- _AIM OF THE TASK_
Your output should repeat each record below with no differences.

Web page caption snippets
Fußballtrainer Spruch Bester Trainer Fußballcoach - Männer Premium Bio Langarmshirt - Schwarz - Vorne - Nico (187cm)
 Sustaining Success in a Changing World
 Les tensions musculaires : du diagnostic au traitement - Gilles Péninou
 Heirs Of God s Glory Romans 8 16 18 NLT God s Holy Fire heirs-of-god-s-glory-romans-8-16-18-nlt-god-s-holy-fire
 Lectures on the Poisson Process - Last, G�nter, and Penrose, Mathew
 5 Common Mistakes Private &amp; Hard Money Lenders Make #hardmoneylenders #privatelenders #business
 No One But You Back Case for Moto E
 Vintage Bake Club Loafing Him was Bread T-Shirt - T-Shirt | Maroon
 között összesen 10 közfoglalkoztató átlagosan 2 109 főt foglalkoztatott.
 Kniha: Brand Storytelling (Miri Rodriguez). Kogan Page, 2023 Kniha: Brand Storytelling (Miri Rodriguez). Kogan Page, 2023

- _RESPONSE TO THIS TASK_
Fußballtrainer Spruch Bester Trainer Fußballcoach - Männer Premium Bio Langarmshirt - Schwarz - Vorne - Nico (187cm)
 Sustaining Success in a Changing World
 Les tensions musculaires : du diagnostic au traitement - Gilles Péninou
 Heirs Of God s Glory Romans 8 16 18 NLT God s Holy Fire heirs-of-god-s-glory-romans-8-16-18-nlt-god-s-holy-fire
 Lectures on the Poisson Process - Last, G�nter, and Penrose, Mathew
 5 Common Mistakes Private &amp; Hard Money Lenders Make #hardmoneylenders #privatelenders #business
 No One But You Back Case for Moto E
 Vintage Bake Club Loafing Him was Bread T-Shirt - T-Shirt | Maroon
 között összesen 10 közfoglalkoztató átlagosan 2 109 főt foglalkoztatott.
 Kniha: Brand Storytelling (Miri Rodriguez). Kogan Page, 2023 Kniha: Brand Storytelling (Miri Rodriguez). Kogan Page, 2023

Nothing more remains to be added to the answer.